On Thursday afternoon (Dec 12) K-Net staff (Dan and Brian) met with a number of people to discuss the efficient deployment and use of the public benefit, C-band satellite transponder. Industry Canada FedNor (Carl Seibel), Government of Northwest Territories (Linda Maljan, Gerry Sheridan, Jacquelyn Burles) and SSI Micro (Jeff Philipp) were also in attendance. The purpose of the meeting was to discuss a strategy to see how a pilot demonstration might be facilitated in some of the NWT communities using the TDMA platform supported by SSI Micro.
With the reduction in the amount of bandwidth being made available to K-Net (12.5 mhz) on this transponder because of the sharing of the resource with the governments of Nunavut (12.5 mhz) and the Northwest Territories (5 mhz), there is not space left on the K-Net portion to accommodate the requested 3 mhz of CIR for a GNWT pilot service.

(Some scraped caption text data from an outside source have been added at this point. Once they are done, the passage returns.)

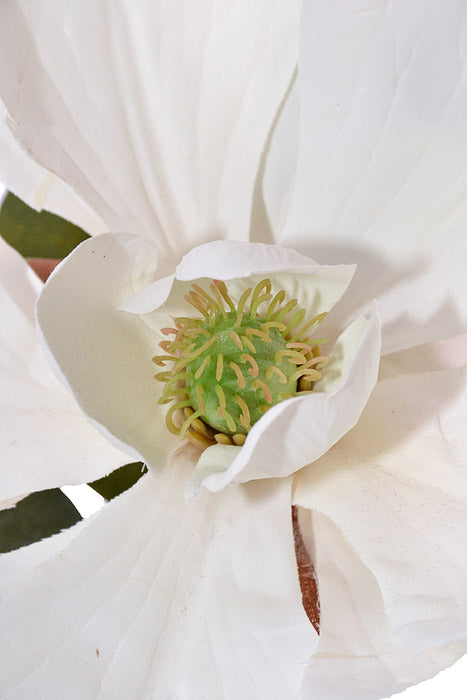 23" Silk Magnolia Spray White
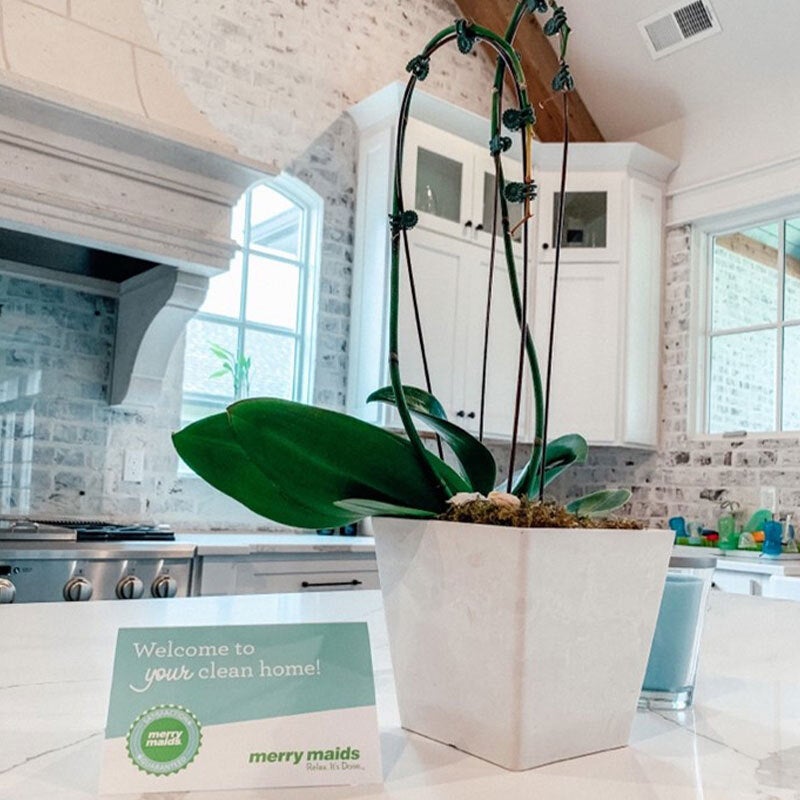 Merry Maids: Revolutionizing the Cleaning Industry with Innovative eCommerce Platform Merry Maids: Revolutionizing the Cleaning Industry with Innovative eCommerce Platform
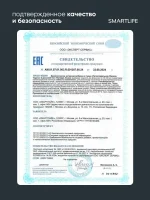 Железо хелат липосомальное с витамином С, 100 мл — изображение 18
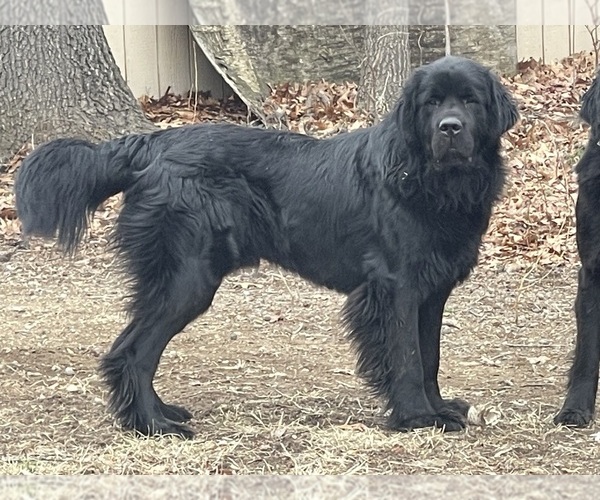 Medium Photo #5  Breeder Profile in MARTINSBURG, WV, USA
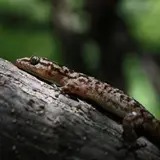 Gecos y coleonyx vistos en Tlaltizapán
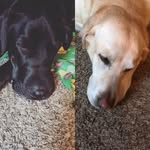 Casper And Bella 🐶 - @casper_bella13 - Instagram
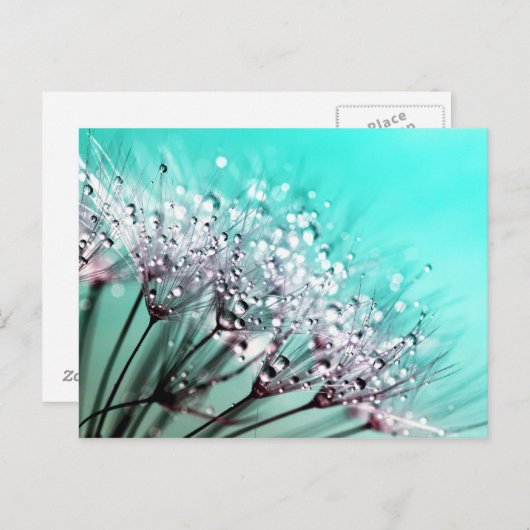 Macro Dandelion Seeds Wassertropfen Foto Postkarte (Vorne/Hinten)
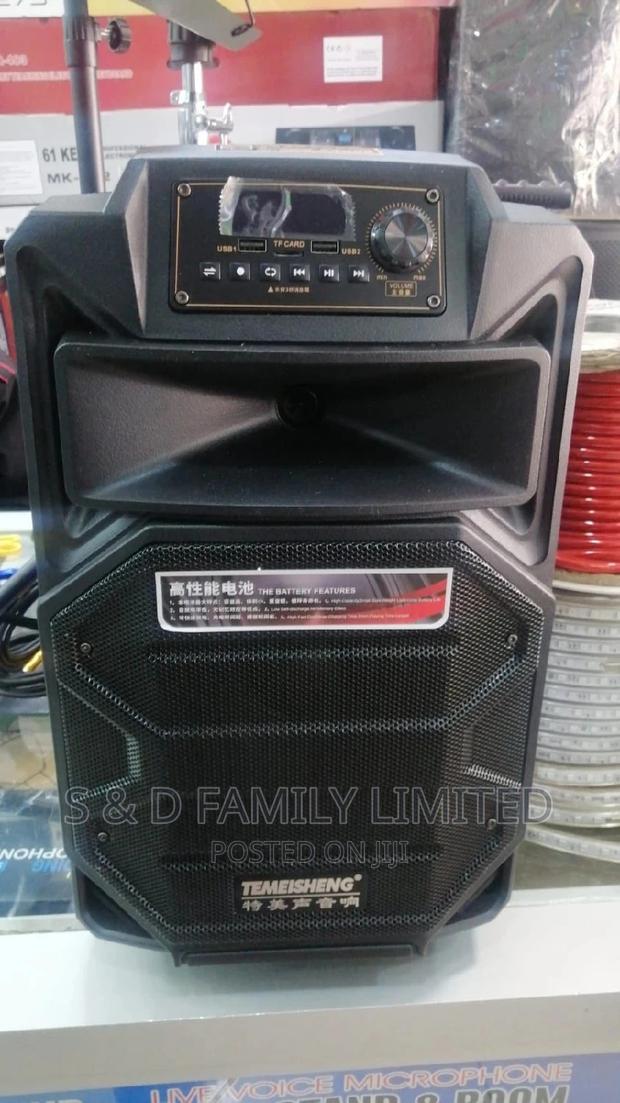 Temeisheng 10 Inch Powered Speaker - main view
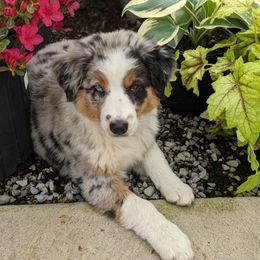 Australian Shepherd Puppies from Cannonrun Aussies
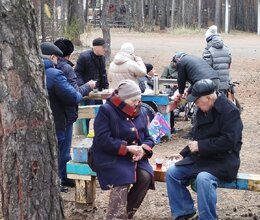 Прогулка в Минусинском бору 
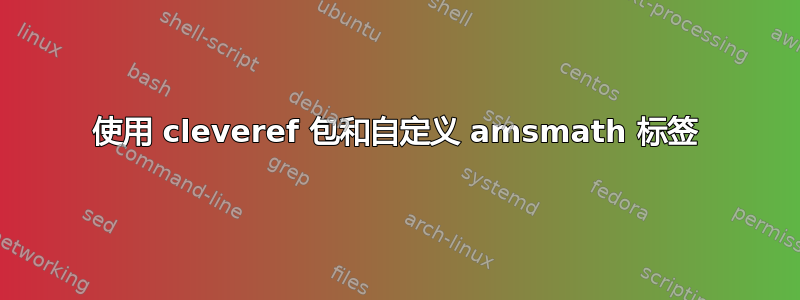 使用 cleveref 包和自定义 amsmath 标签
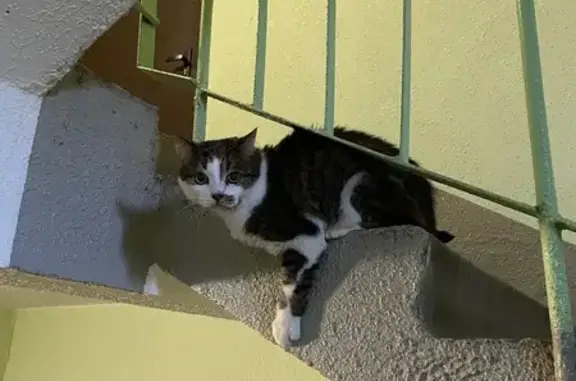 Найдена кошка, Коломна, фото: Кошка найдена: ул. Фрунзе, 56, Коломна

Discussions around the possible development of a shared DVB resource that included using our mutual allocations of transponder space on continuous carriers (ie. the K-Net allocating 3mhz at one end of our space and GNWT allocating the 3mhz up to the guard band space) lead to the conclusion that further meetings with both Telesat and Northwestel are required.
The need to discuss the possibility of migrating this public benefit resource across a number of transponders is becoming an important consideration for all parties involved. For the 3 parties (K-Net, GNWT and Nunavut) involved in the use of this public benefit, the ability to spread "an equivalent bandwidth to that availabe on one transponder" over a number of transponders will result in everyone being able to accommodate more partner communities and a more efficient use of the resource. We will be able to "grow" this resource and distribute the additional costs involved in having additional traffic and partners.
The benefits to Telesat are that they would be able to sell additional commercial bandwidth as the need and applications are developed using the public benefit resource as well as a much more efficient use of the available resource. This multi-transponder strategy will provide all the partners involved with the ability grow into commercial bandwidth without building new infrastructure which will be good for everyone with the increase capacity and usage.